Güzelyurt Geliştirme ve Kalkındırma Derneği’nin (GÜKAD) Güzelyurt Kentsel Gelişim ve İklime Duyarlı Kentler Çalıştayı sonuç bildirgesi basın toplantısıyla açıklandı.
Kıbrıs Türk Gazeteciler Birliği Lokali’nde yapılan basın toplantısında GÜKAD Başkanı Reşat Kansoy çalıştayda ortaya çıkan sonuçları açıkladı.
Güzelyurt ilçesinde ülkesel fiziki plana uygun dört iktisadi kalkınma organizasyonu yapılması gerektiğini dile getiren Kansoy, bunları Tarım, Turizm, Üniversite ve Küçük Sanayi olarak açıkladı.
Tarımın bölgenin lokomotif sektörü olduğunu kaydeden Kansoy, Türkiye’den gelen suyunu bir an önce Güzelyurt Ovası’na ulaştırılması gerektiğini, ülke genelinin %80’ini karşılayan bölgenin istikrarlı tarım politikaları ve bilinçli üretim ve zehirsiz “iyi tarım modeli” açısından gelişmesi gerektiğinin altını çizdi.
Kansoy, Güzelyurt bölgesinde 12 ay turizm yapılabileceğini de belirterek, turistlerin bölgede daha çok vakit geçirmesini sağlayabilmenin yollarının bulunması gerektiğini, sağlık ve konferans turizminin önemli olduğunu ve ilk etapta 1500 yatak kapasitesi hedefinin konulması ve Akdeniz-Yayla sahil şeridi yolunun revize edilerek bölge flora ve faunasına saygılı inşa edilmesi gerektiğini kaydetti.

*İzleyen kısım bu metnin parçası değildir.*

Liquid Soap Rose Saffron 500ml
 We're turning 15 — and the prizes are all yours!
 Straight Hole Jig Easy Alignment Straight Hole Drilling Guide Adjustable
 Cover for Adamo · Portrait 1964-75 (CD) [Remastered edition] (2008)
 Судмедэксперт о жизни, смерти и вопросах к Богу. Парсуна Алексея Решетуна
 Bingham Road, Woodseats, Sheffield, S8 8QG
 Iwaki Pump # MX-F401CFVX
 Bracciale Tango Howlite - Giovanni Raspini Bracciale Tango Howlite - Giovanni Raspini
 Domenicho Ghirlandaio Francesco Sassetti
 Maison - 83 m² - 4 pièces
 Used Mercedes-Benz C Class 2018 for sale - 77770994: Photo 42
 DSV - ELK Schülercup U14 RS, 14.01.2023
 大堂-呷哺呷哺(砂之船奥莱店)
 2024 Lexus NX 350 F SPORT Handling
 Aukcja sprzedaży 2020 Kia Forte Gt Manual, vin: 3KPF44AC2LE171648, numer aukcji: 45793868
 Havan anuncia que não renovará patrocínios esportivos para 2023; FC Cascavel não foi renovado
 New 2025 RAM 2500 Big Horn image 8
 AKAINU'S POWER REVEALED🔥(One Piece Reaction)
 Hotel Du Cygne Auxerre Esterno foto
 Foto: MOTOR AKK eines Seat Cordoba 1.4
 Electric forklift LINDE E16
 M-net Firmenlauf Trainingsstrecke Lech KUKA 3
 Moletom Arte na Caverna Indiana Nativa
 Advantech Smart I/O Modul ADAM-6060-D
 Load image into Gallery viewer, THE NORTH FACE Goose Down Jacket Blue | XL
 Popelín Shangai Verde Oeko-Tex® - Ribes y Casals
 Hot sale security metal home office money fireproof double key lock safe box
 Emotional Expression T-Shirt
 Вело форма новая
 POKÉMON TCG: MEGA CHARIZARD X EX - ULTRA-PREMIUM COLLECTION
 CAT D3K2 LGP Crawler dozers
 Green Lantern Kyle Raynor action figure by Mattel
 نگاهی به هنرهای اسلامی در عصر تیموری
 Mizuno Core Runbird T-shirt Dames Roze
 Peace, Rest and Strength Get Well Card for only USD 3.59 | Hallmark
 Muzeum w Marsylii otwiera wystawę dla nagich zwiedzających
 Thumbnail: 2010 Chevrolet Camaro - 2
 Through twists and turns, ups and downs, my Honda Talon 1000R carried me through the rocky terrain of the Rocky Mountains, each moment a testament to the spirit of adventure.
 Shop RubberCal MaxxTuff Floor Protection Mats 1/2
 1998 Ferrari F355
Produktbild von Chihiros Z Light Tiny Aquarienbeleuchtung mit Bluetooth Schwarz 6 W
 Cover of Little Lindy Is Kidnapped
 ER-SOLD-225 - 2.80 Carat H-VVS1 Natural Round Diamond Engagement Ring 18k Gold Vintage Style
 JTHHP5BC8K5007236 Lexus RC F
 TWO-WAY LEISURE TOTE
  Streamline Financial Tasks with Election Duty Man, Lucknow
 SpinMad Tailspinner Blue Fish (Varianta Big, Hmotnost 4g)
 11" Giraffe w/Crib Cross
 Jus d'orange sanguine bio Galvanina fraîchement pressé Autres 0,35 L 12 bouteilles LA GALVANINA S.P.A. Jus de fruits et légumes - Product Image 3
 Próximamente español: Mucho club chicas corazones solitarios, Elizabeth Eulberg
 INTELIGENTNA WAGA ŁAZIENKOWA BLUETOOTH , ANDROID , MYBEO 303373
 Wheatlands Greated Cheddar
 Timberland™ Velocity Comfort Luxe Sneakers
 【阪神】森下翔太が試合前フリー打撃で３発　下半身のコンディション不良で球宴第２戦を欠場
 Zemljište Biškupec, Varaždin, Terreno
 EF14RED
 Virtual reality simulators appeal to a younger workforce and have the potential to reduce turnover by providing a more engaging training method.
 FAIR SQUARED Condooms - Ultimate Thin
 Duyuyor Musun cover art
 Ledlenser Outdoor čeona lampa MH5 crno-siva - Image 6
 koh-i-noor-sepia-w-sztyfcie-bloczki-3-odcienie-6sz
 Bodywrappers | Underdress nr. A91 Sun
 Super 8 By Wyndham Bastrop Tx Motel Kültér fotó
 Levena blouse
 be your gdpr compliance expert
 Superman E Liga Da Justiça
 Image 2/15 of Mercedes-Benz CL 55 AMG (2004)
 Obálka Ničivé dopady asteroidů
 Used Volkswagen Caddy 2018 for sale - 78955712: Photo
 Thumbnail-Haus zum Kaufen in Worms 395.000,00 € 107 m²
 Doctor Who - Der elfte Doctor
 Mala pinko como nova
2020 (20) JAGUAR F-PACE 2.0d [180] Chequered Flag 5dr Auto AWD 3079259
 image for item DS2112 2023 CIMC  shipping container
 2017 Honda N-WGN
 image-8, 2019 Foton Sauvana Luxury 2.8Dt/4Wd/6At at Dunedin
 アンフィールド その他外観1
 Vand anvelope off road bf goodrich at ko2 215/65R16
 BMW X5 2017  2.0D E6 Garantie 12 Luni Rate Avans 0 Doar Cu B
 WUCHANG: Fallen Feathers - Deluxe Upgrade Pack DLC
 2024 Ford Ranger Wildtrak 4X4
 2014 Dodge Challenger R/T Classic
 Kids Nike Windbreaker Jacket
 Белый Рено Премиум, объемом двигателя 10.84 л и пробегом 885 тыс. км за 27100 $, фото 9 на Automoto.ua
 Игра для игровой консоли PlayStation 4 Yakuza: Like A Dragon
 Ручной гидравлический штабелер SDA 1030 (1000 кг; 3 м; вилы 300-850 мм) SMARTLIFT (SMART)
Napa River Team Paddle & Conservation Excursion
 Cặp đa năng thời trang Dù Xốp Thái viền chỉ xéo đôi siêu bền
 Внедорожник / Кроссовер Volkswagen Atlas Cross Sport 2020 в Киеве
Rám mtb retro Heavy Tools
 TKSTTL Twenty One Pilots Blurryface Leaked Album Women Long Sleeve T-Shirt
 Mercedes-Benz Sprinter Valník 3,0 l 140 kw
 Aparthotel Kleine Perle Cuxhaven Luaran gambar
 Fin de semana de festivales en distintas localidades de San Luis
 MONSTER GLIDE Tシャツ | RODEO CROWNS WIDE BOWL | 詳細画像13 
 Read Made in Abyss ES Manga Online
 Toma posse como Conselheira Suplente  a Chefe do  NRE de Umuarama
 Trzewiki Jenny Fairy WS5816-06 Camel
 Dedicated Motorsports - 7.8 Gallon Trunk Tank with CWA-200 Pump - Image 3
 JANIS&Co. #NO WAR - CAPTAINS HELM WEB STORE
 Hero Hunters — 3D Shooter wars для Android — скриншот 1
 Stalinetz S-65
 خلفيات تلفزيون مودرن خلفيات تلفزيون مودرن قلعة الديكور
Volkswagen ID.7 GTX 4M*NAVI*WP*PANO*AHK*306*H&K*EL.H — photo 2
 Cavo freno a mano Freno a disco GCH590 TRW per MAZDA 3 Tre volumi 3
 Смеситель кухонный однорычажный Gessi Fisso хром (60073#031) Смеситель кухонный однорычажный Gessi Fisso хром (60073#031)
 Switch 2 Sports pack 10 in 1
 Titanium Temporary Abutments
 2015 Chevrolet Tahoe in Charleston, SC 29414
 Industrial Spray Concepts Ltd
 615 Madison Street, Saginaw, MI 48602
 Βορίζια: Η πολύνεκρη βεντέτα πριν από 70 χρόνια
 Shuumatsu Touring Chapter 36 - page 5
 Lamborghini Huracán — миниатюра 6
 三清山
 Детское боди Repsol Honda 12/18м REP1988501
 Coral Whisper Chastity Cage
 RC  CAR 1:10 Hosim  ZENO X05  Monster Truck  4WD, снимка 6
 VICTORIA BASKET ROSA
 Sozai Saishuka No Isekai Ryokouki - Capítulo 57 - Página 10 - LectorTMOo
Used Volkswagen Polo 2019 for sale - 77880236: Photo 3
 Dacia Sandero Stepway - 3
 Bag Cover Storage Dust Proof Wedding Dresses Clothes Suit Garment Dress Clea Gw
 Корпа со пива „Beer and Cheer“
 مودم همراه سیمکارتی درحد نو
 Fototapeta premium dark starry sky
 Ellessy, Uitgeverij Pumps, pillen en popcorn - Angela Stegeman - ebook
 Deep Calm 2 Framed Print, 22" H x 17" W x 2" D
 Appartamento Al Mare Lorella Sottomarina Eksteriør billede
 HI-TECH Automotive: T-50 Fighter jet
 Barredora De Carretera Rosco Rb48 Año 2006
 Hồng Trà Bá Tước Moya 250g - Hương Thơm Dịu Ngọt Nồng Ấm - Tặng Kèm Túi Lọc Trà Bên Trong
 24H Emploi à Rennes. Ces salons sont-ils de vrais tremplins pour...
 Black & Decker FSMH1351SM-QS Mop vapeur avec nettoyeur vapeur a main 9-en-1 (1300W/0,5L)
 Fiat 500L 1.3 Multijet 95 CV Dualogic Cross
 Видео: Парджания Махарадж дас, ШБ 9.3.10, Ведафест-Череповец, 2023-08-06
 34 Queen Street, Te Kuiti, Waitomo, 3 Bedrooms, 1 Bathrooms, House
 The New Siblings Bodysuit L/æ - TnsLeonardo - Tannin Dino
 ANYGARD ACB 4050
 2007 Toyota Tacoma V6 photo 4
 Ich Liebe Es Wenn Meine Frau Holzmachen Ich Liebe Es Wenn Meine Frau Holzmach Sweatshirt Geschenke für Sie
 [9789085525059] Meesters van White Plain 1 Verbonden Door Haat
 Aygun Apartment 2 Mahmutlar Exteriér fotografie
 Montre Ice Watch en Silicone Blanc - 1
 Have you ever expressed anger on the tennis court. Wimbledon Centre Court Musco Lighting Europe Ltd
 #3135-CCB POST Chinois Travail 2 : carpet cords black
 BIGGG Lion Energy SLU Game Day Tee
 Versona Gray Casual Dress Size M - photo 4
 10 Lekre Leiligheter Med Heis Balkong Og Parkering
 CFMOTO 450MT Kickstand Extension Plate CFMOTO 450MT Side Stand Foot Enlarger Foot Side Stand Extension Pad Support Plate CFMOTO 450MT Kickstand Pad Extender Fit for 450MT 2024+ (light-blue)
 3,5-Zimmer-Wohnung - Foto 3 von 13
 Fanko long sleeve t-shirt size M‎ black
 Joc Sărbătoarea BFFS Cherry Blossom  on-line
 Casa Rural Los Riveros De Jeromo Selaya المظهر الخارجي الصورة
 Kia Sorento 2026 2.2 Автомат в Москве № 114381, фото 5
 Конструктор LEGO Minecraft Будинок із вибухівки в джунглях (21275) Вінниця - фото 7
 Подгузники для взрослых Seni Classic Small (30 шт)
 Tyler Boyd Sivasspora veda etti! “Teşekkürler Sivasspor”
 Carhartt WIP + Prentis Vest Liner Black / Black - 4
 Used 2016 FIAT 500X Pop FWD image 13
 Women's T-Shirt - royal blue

Küçük sanayi açısından özelikle turunçgil, nar, arıcılık ve benzeri gıda orijinli sanayinin bölgede teşvik edilmesi gerektiğini belirten Kansoy, çarpık kentleşme ve kent siluetini bozan yapıların “anti-mühendis” bir Güzelyurt yaratarak Güzelyurt’u “Girneleştireceğini” ifade etti.
Kansoy, acilen bir ön emirnamenin Güzelyurt için yayınlanması gerektiğini kaydederek, Güzelyurt’un Adanın bakir kalmış tek ilçesi olduğunu, İmar Planı ve akabinde Master Planının yapılmasının gelecek nesillerin refah ve mutluluğunun teminatı olacağını dile getirdi.
Güzelyurt’un doğal peyzaj alanlarının korunması “Yeşil Kent” olabilmesi için herkesin birlikte çalışması gerektiğini de kaydeden Kansoy, afet yönetmelikleri ve risk analizleri ile “Afet Planlama ve Koordinasyon” organizasyonları yapılması gerektiğini de belirtti.
Dere ve dere yataklarına Fasıl 86’ya aykırı şekilde müdahale edildiğini, dolgu yapılarak peyzaj alanı yaratıldığına da işaret eden Kansoy, çoklu kat inşaatlara ruhsat verilerek Fasıl 96’nın ihlal edildiğini kaydetti.
Kansoy, evsel ve katı atıkların “vahşi depolama” yöntemiyle Kalkanlı bölgesinde Güzelyurt Su akiferi üzerine depolandığını ve bugünlerde yeni çöp alanları açılarak tahribatların arttığını görmenin üzüntü verici olduğunu söyledi.
Yayla köyünün en yüksek kanserden ölüm oranına sahip olduğunu belirten Kansoy, bölgenin kanser araştırmaları için pilot bölge ilan edilerek, ülke genelinde kanser ile toplumsal mücadele başlatılması gerektiğini ifade etti.
ODTÜ’de kurulan güneş panellerinin temiz enerji ve sürdürülebilir enerji modellerine örnek alınması gerektiğini belirten Kansoy, bu tür enerji kaynağı kullanımının konut ve işletmeler bazında artırılması gerektiğini vurguladı.
Kansoy, Güzelyurt’un göç veren bir bölge olduğuna da işaret ederek, göçü önlemek veya yavaşlatmak için iktisadi kalkınma planının yaşama geçmesi yanında, konut edinme sorununun çözülmesi gerektiğini belirtti.
“Üner Berkalp Stadı çevresindeki askeri birliklerin meskûn mahal dışına çıkarılarak, boşalan alanların toplu konut ve sosyal konut modelleriyle değerlendirilmesinin mümkün olduğunu” dile getiren Kansoy, değerli toprağı zengin tarım arazileri nedeniyle mekansal büyümenin toprak tuzluluk oranı yüksek ve tarıma elverişsiz topraklar üzerine yapılması gerektiğini de sözlerine ekledi.